Home » Articles » Getting Started with Python Modeling – Making an Equity Momentum Model

Getting Started with Python Modeling – Making an Equity Momentum Model

For years, people smarter than me have been telling me to get into Python. I’ve had a perfectly valid reason to resist. It seemed difficult. And besides, just look at the syntax! It looks like some silly BASIC that I used to code back in the 1980’s. It doesn’t even have any semi colons! But slowly I’m starting to see the light. There actually seem to be some hidden logic to the madness.

Now there’s an important point to remember while reading this and upcoming articles on the subject of Python. You are reading an article by someone who is just learning about the topic. You’re not reading an instruction manual by an expert. That’s right. These are the ramblings of someone who probably know less than you do on the topic.

Keep that in mind when commenting on the article below. Do you think that I’m wrong about something? You know a better way? You’re probably right. Feel free to make your suggestions below.

In the past week or so, I’ve read a couple of books on Python. Well, I’ve read part of them anyhow. As good as these books seem, they’re also a reminder for me about my own preferred way of learning. Hands on.

Those of you out there who are unlucky enough to have had to study a grammatically complex language like Latin or German, know that linguists, no matter how cunning they are, tend to over complicate. They fall in love with the grammar. Instead of teaching you how to start communicating in German, they’ll spend years making you memorize terminology and rules around dative, accusative, nominative and how implied movement causes words to change and your grades to fall. Well, I prefer to start trying to speak it and the grammar will have to wait.

So for that reason, in this first article, we’re going to learn by doing. We’re going to use a ready-to-use Python environment. We’re not going to pip anything and we’re not going to mention words like tuple. Well, not anymore.

If you, like me, are used to C# or something similar, then it is quite jarring to enter the Python world. The first question from a C# point of view would be to ask for which software to develop in. That’s quite a complex topic actually, so let’s skip that for this article. For now, we’re going to use Quantopian.
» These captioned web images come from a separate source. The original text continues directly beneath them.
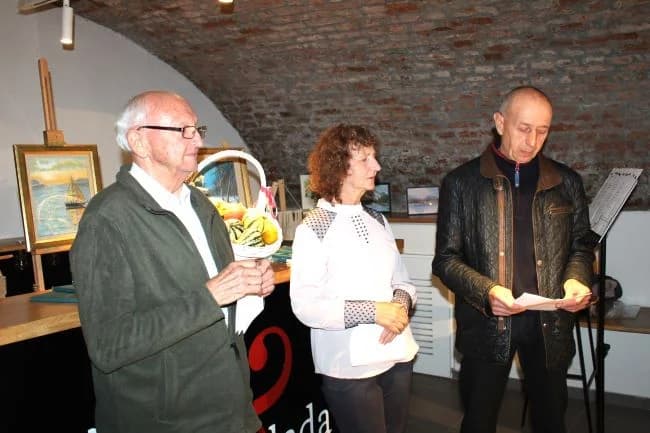 Predstavljena knjiga „Svaki dan je nova pjesma“ požeškog pjesnika i slikara Davora Zakšeka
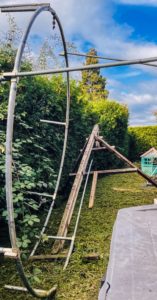 Vous avez toujours rêvé d'avoir un grand huit dans votre jardin ? Can lui l'a fait !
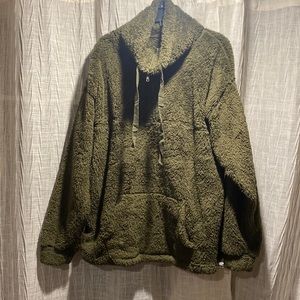 Dark green Sherpa quarter zip / turtleneck sweater with front pocket
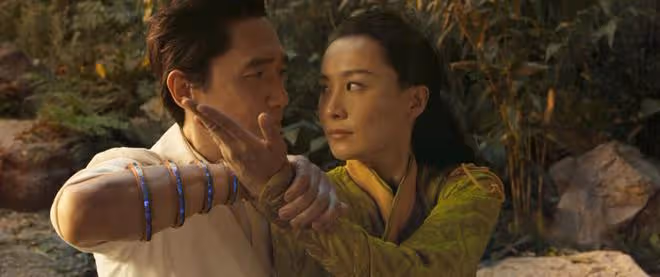 陳法拉二胎後首露面，極速瘦身零水腫，穿12萬連體裙開懷燦笑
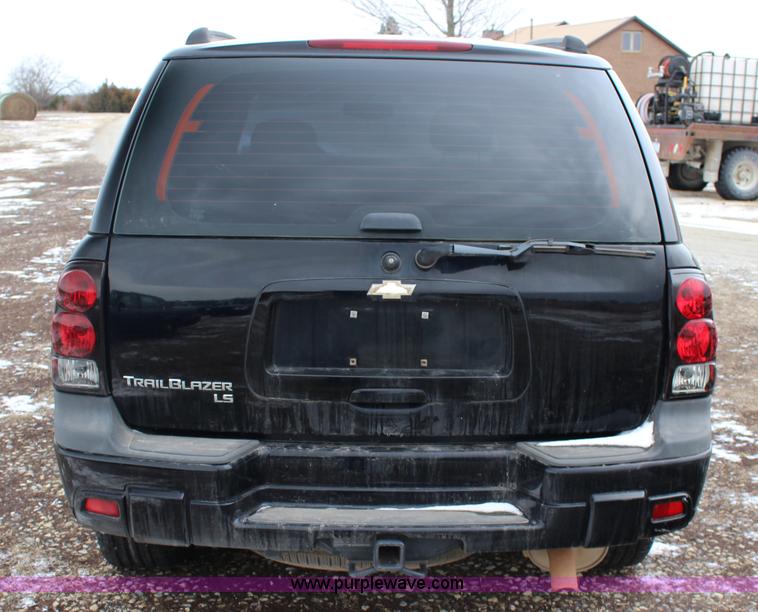 image for item K2898 2006 Chevrolet Trailblazer LS SUV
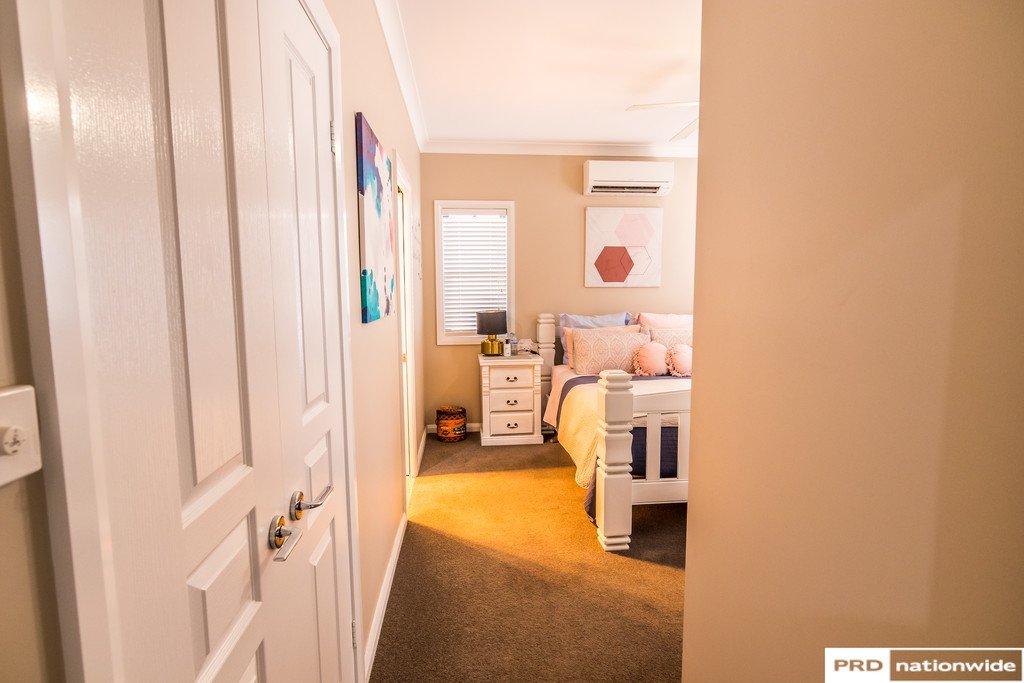 3 Currawong Drive TAMWORTH 4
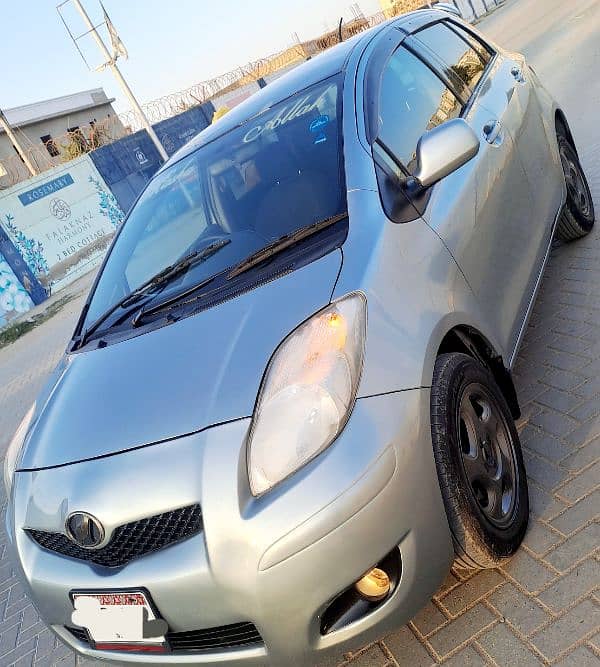 Toyota Vitz 2009 in Excellent Condition 9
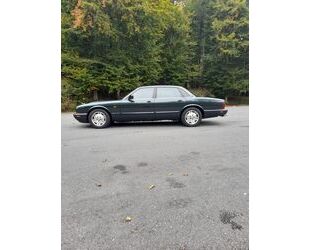 Jaguar Jaguar XJ6 Executive in Spruce-Green Metallic Gebrauchtwagen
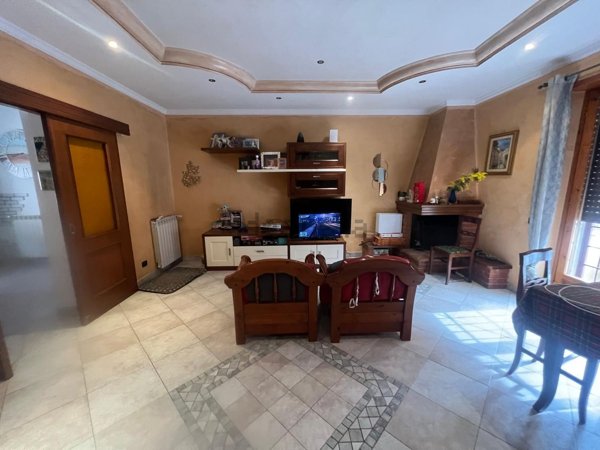 appartamento in vendita a Roma in zona Acilia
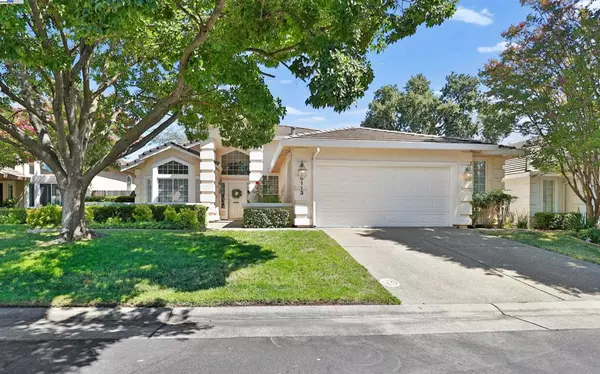Carmichael, CA 95608,6113 Fountaindale Way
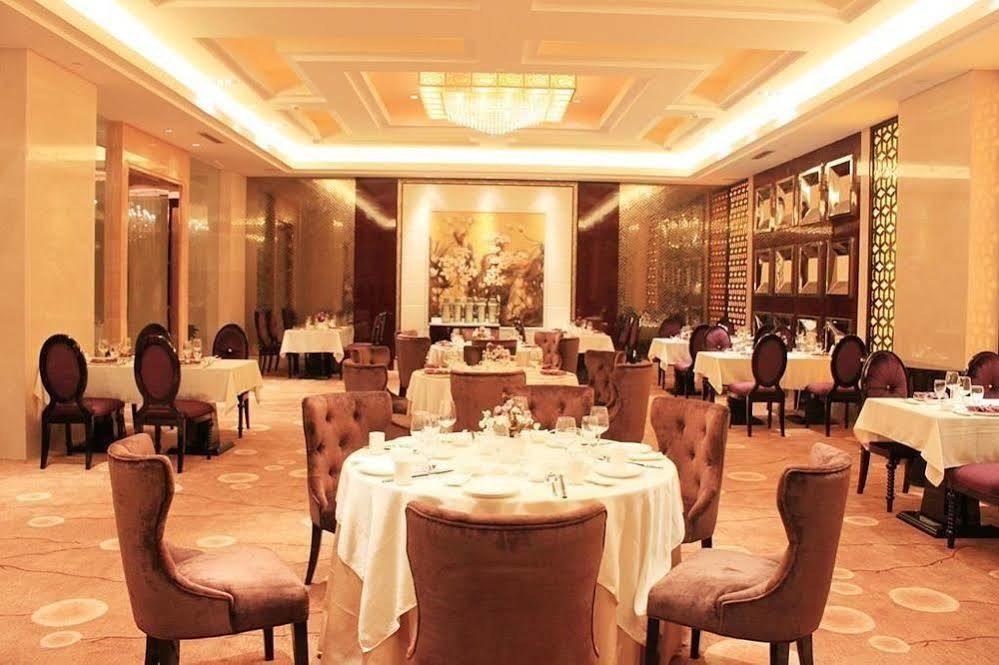 Datong Weidu International Hotel Екстериор снимка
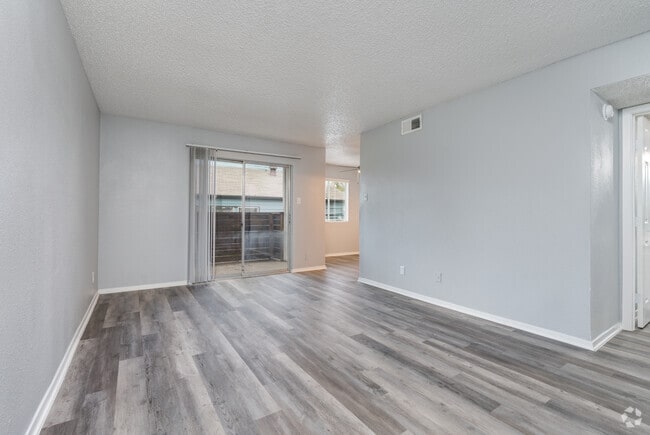 1BR, 1BA - 674SF | A3 - The Borough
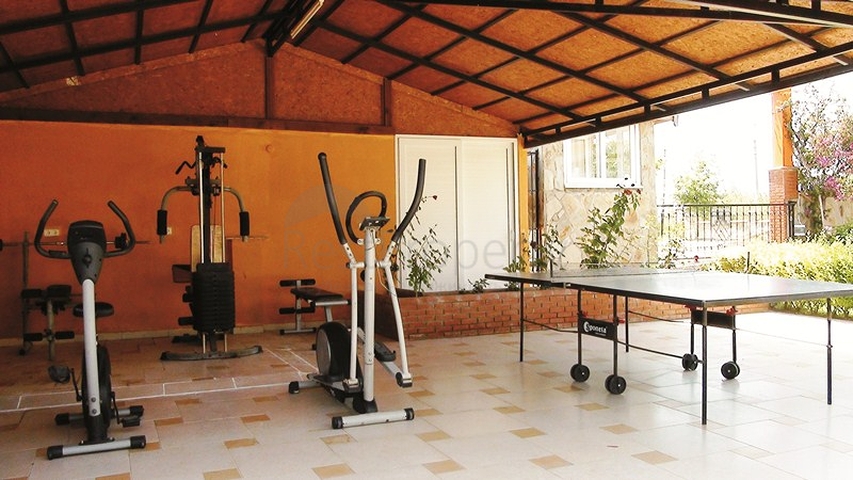 مجمع راق باطلالات بحرية في ديمرتاش / الانيا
Quantopian is a web based development environment for trading simulations. It’s totally free and easy to get started with. You can do fairly much in that environment, but as a web environment it obviously has some limitations. Depending on who you are and what you aim to do, Quantopian may be sufficient for your needs, or it may be severely limiting. Either way, it’s a good place to start.

A nice thing about Quantopian, apart from that they are free, is that they are swimming in VC cash. They’re spending money on their platform and they have a large development team. It’s not a little garage operation anymore. Well, technically, Quantopian started in a garden shed and not a garage… If you work on their web platform, you’ll get full access to minute level data for stocks, fundamental data and a whole bunch of things that would otherwise cost you a lot.

So what’s in it for them? Well, their plan is to create a hedge fund based on the best of what people can make on their platform, and pay a cut to those who contribute. Will that work? Perhaps. Who knows. Let’s see. I like the guys behind Quantopian (hi Fawce!) and I hope they pull it off. If you are good at quant modeling, this may be a good chance to get into the business.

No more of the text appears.